Review: East of Berlin, Southwark Playhouse

“You’ll like this part…”

In a year full of military commemorations, the Southwark Playhouse once again turns its focus onto the aftermath of war but where the extraordinary Johnny Got His Gun asked us to consider ‘what next’ for the soldiers once they stopped fighting, Canadian playwright Hannah Moscovitch’s East of Berlin looks at the impact on the next generation, the children of those directly involved in the Second World War.

Specifically, Rudi is the son of an SS doctor at Auschwitz, a Nazi war criminal now in hiding in Paraguay with his family, who have kept Rudi in the dark about his father’s past which he only discovers as a teenager. Upon this revelation, he flees back to Berlin and builds himself an anonymous new life but the weight of the past and the huge questions of guilt and responsibility hang heavily over him, especially once he finds love with an American Jewish woman. 

Whilst much of the play is delivered by Jordan McCurrach’s excellently Rudi as he narrates his way through the complex and confusing emotional world he finds himself in, Moscovitch’s real coup is in thrusting his narration through the fourth wall so that he is constantly asking questions, acknowledging horrors and seeking reassurances of us the audience.
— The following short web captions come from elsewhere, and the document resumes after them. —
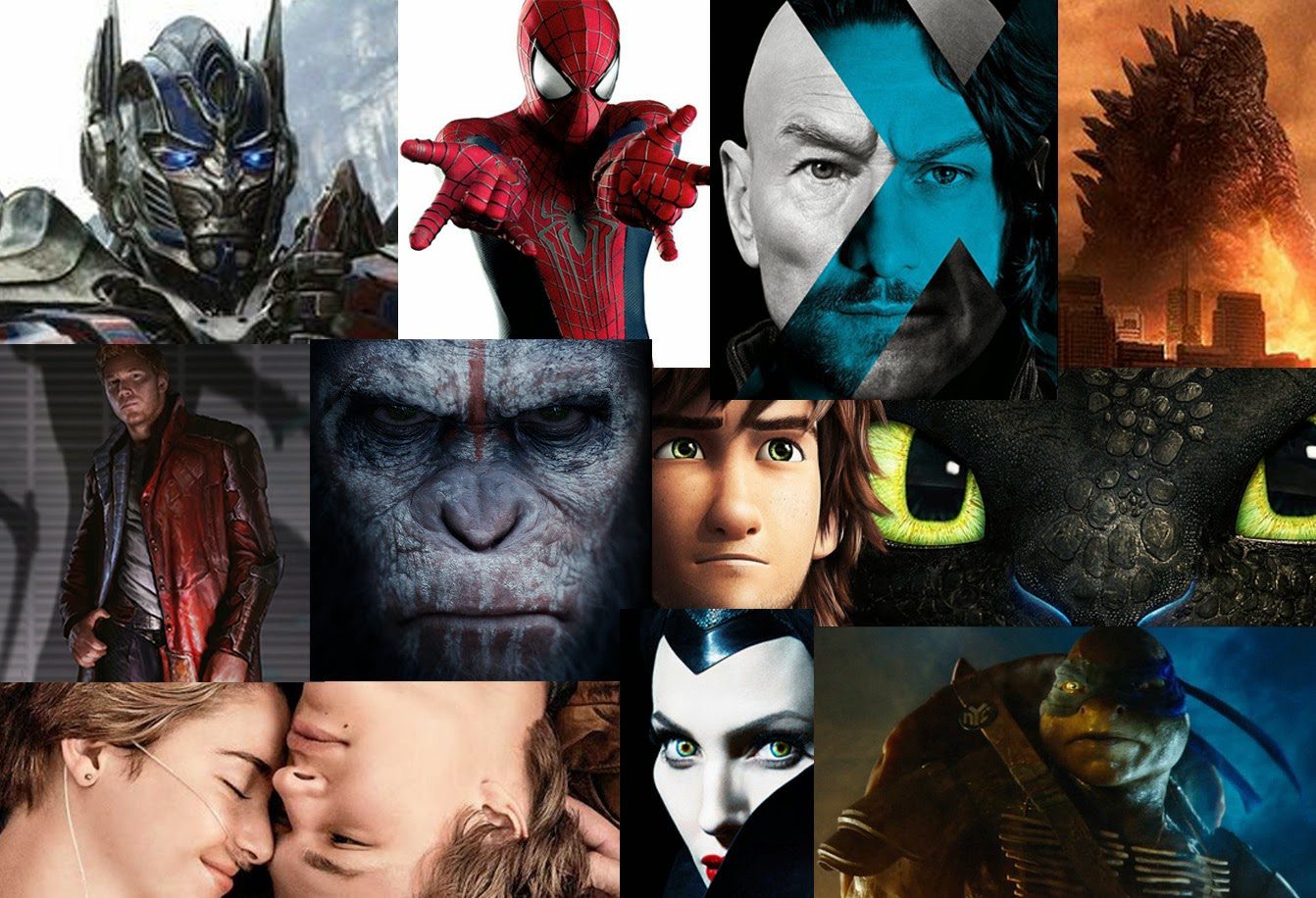 best movie of summer 2014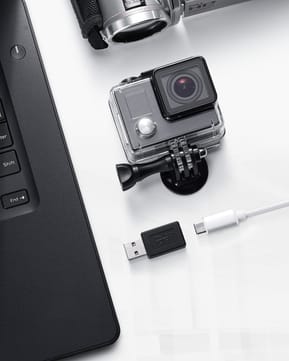 ATEN CAMLIVE™ (Capture vidéo HDMI vers USB-C UVC) CAMLIVE™ (Capture vidéo HDMI vers USB-C UVC) (UC3020-AT) — image 7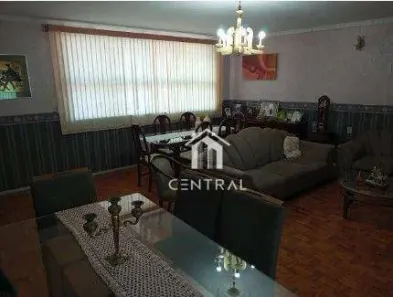 Casa com 4 Quartos à venda, 756m² no Além Ponte, Sorocaba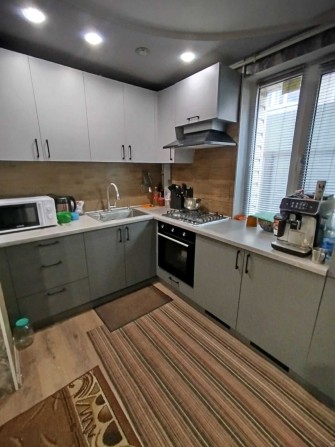 Океан! У продажу 4/х кімнатна квартира в приватному секторі - фото 1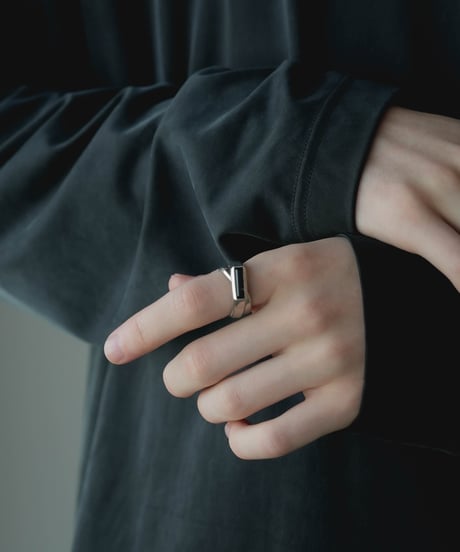 HIGH-END CTHY RING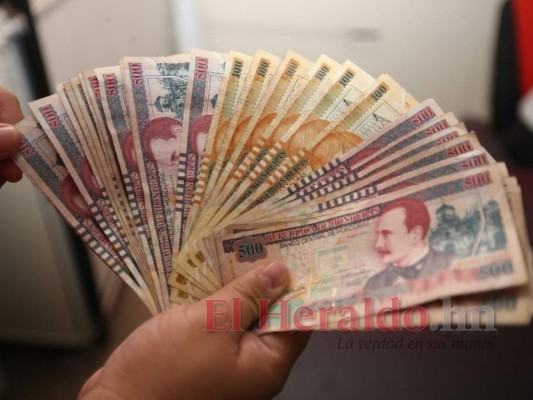 Gobierno de Honduras coloca más bonos para cubrir presupuesto nacional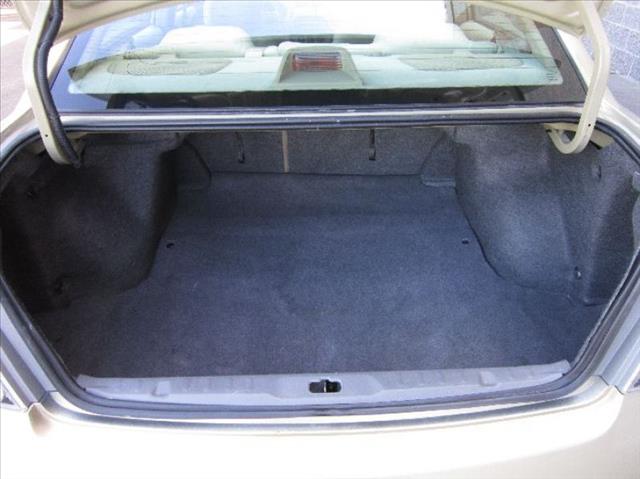 2002 Nissan Altima 4x4 Truck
Our own reactions are thus interrogated as he tries to second-guess where our sympathies will lie, predicting how we might have responded if we were in his shoes, or even those of his father.

Blythe Stewart’s production keeps a remarkable fluidity to the piece, Holly Pigott’s ingeniously flexible design allowing for this necessary sense of pace, the relentlessness essential to the unravelling of Rudi’s state of mind as the new world he has constructed for himself is dismantled by a figure from the past – Tom Lincoln’s Hermann suitably sinuous in his truth-spilling and Jo Herbert is just superb as the studious Sarah, liberated entirely by all-consuming passion for a man and then devastated once the truth emerges. A genuinely thought-provoking take on the Holocaust that deserves to be seen.